Per the comment below: One of the key things that I am trying to avoid is the proliferation of .R analysis files and .RData sets that go along with them.
Some thoughts on research project organisation here:
http://software-carpentry.org/4_0/data/mgmt/
the take-home message being:
Use Version Control for your programs
Use sensible directory names
Use Version Control for your metadata
Really, Version Control is a good thing.
My analysis is a knitr document, with some external .R files which are called from it.
All data is in a database, but during my analysis the processed data are saved as .RData files. Only when I delete the RData, they are recreated from the database when I run the analysis again. Kinda like a cache, saves database access and data processing time when I rerun (parts of) my analysis.

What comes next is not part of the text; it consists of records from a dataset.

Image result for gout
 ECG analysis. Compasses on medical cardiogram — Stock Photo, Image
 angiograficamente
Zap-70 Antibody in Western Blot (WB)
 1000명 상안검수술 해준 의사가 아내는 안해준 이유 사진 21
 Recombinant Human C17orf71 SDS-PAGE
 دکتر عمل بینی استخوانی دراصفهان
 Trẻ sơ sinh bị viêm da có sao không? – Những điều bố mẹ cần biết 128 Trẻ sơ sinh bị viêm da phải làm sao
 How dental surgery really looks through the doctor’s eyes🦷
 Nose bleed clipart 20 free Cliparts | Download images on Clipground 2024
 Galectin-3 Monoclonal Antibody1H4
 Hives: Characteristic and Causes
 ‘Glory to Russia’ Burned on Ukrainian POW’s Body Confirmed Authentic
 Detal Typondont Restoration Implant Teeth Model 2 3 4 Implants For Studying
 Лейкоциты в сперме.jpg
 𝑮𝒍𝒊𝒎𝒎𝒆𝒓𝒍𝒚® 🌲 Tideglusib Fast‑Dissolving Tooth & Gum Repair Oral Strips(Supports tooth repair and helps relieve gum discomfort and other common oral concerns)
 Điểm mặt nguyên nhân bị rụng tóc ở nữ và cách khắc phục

Using a knitr (Sweave, etc) document for the analysis enables you to easily write a documented workflow with the results included. And knitr caches the results of the analysis, so small changes do usually not result in a full rerun of all R code, but only of a small section. Saves quite some running time for a bigger analysis.
(Ah, and as said before: use version control. Another tip: working with knitr and version control is very easy with RStudio.)